--- Input material Enclosed Below ---
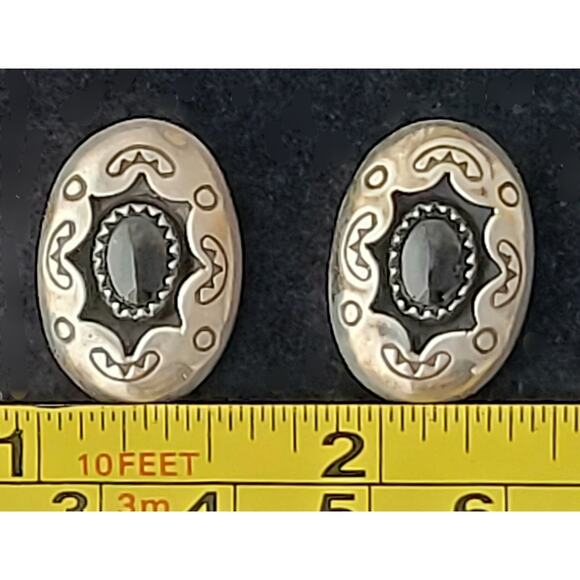 Earrings Carolyn Pollack Sterling Silver Onyx Shadow Box Post Signed - Picture 6 of 10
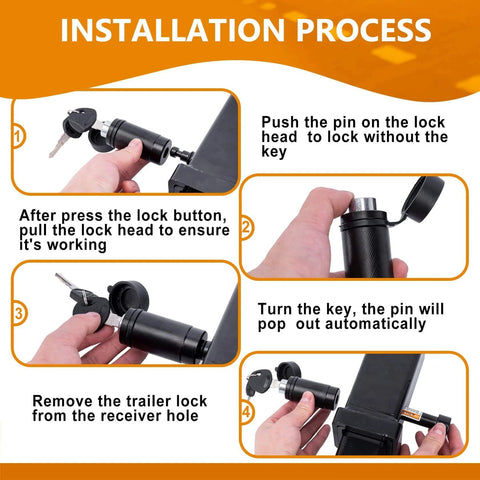 Installation steps for Heavy Duty Trailer Hitch Lock With 5/8 Inch Pin, 3-1/2 Inch Long, showing locking and unlocking process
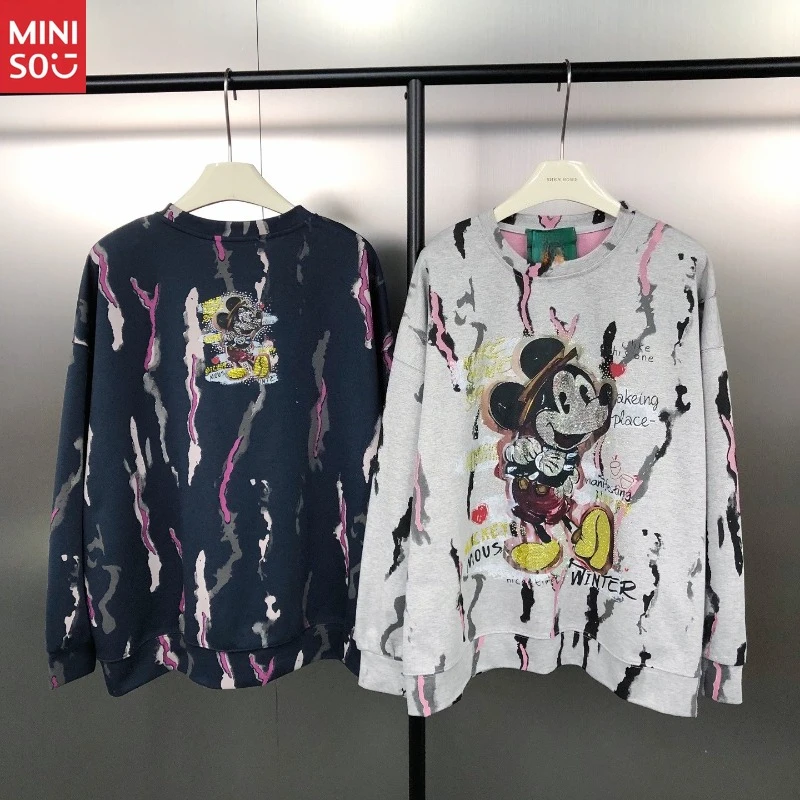 

Disney Streetwear Hoodie: Heavy Rhinestone & Mickey Print Oversized Pullover, Unisex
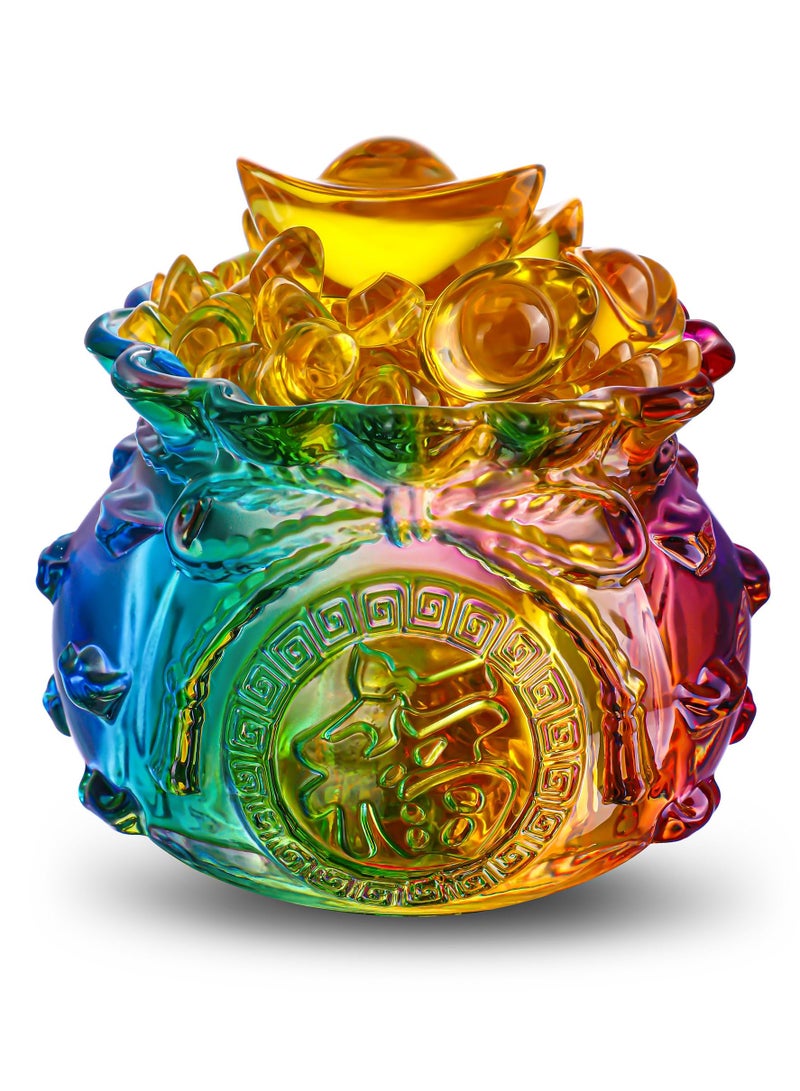 SOLARAE Treasure Basin, 4 Inch Colorful Crystal Treasure Basin with Golden Ingot/Yuan Bao Glass Wealth Money Bag Feng Shui Statue for Home Office Decor Housewarming Gift, Cornucopia - Image 1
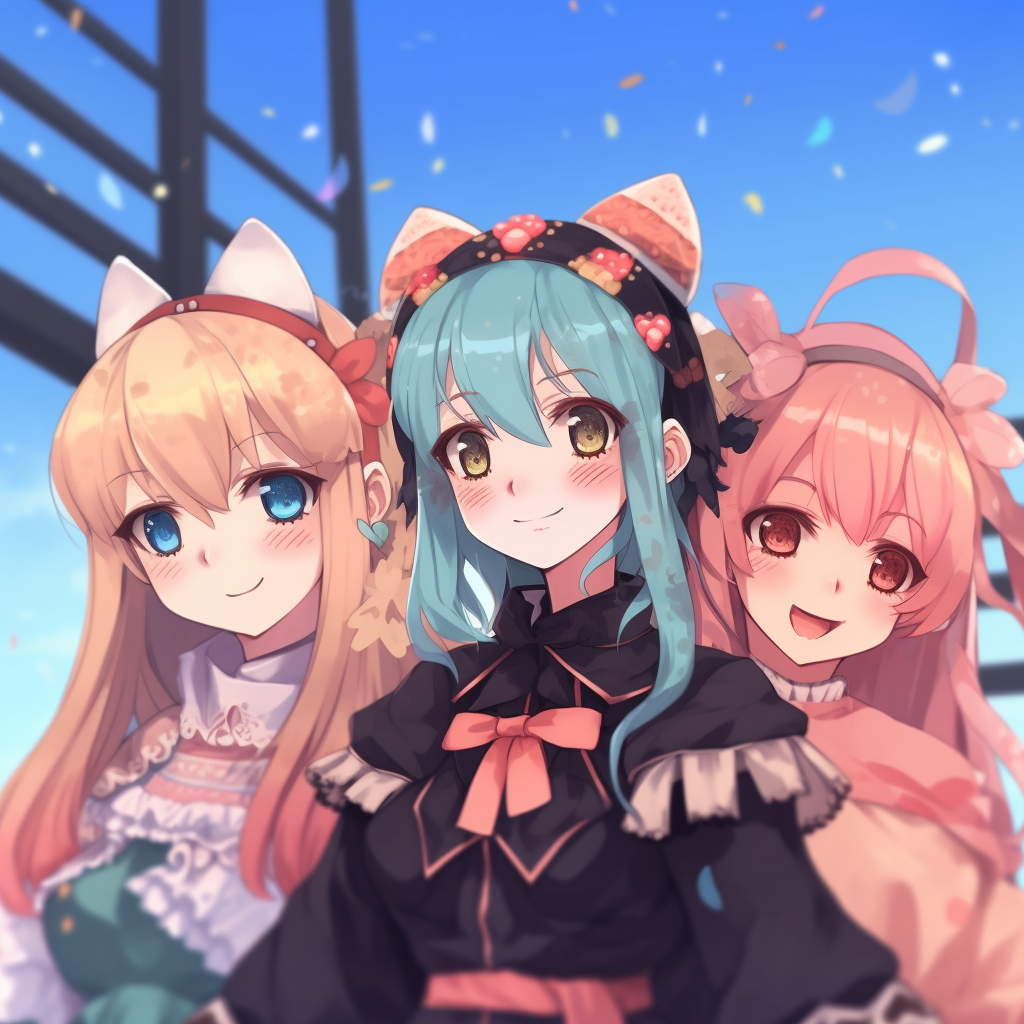 Anime magical girls with sparkling wands, bright contrast and starry background. aesthetic anime trio pfp pfp for discord.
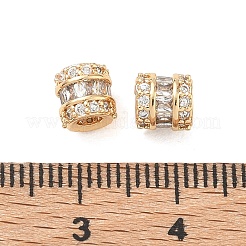 Laiton micro pavé de perles de zircone cubique claires&nbsp;KK-K351-79G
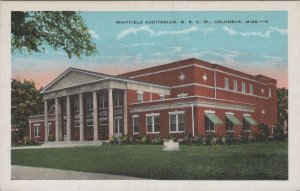 Postcard Whitfield Auditorium MSCW Columbus MS Mississippi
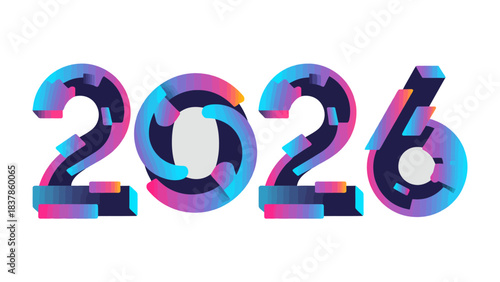 2026 Typography: Captivating typographic design for the year 2026, showcasing the blend of digital artistry, forward-thinking aesthetics, and artistic innovation.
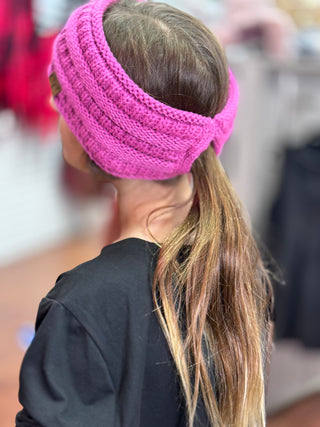 C.C. Ponytail Headband Solid Ribbed beanie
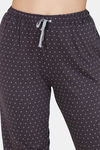 Zivame Nordic Nights Knit Cotton Pyjama Set - Charcoal Grey — thumbnail 6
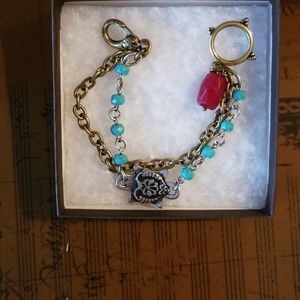 Bracelet, Double Strand, 7", Gold & Silver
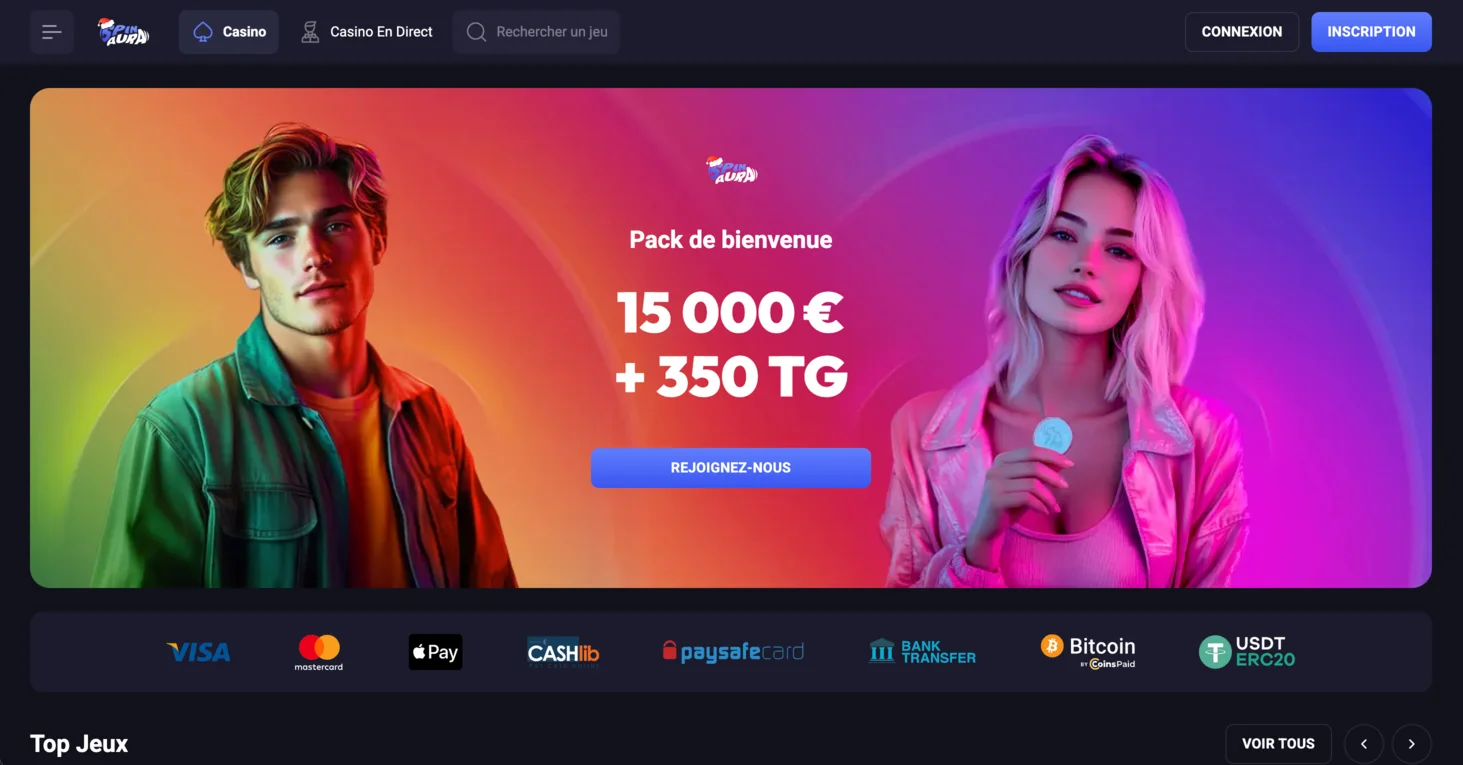Nouveau site de casino en ligne SpinAura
--- End of Enclosed Input material ---
**How to complete this task**
Copy each entry exactly as written. Images should not appear in the copy.

**Task answer**
 Earrings Carolyn Pollack Sterling Silver Onyx Shadow Box Post Signed - Picture 6 of 10
 Installation steps for Heavy Duty Trailer Hitch Lock With 5/8 Inch Pin, 3-1/2 Inch Long, showing locking and unlocking process

Disney Streetwear Hoodie: Heavy Rhinestone & Mickey Print Oversized Pullover, Unisex
 SOLARAE Treasure Basin, 4 Inch Colorful Crystal Treasure Basin with Golden Ingot/Yuan Bao Glass Wealth Money Bag Feng Shui Statue for Home Office Decor Housewarming Gift, Cornucopia - Image 1
 Anime magical girls with sparkling wands, bright contrast and starry background. aesthetic anime trio pfp pfp for discord.
 Laiton micro pavé de perles de zircone cubique claires&nbsp;KK-K351-79G
 Postcard Whitfield Auditorium MSCW Columbus MS Mississippi
 2026 Typography: Captivating typographic design for the year 2026, showcasing the blend of digital artistry, forward-thinking aesthetics, and artistic innovation.
 C.C. Ponytail Headband Solid Ribbed beanie
 Zivame Nordic Nights Knit Cotton Pyjama Set - Charcoal Grey — thumbnail 6
 Bracelet, Double Strand, 7", Gold & Silver
Nouveau site de casino en ligne SpinAura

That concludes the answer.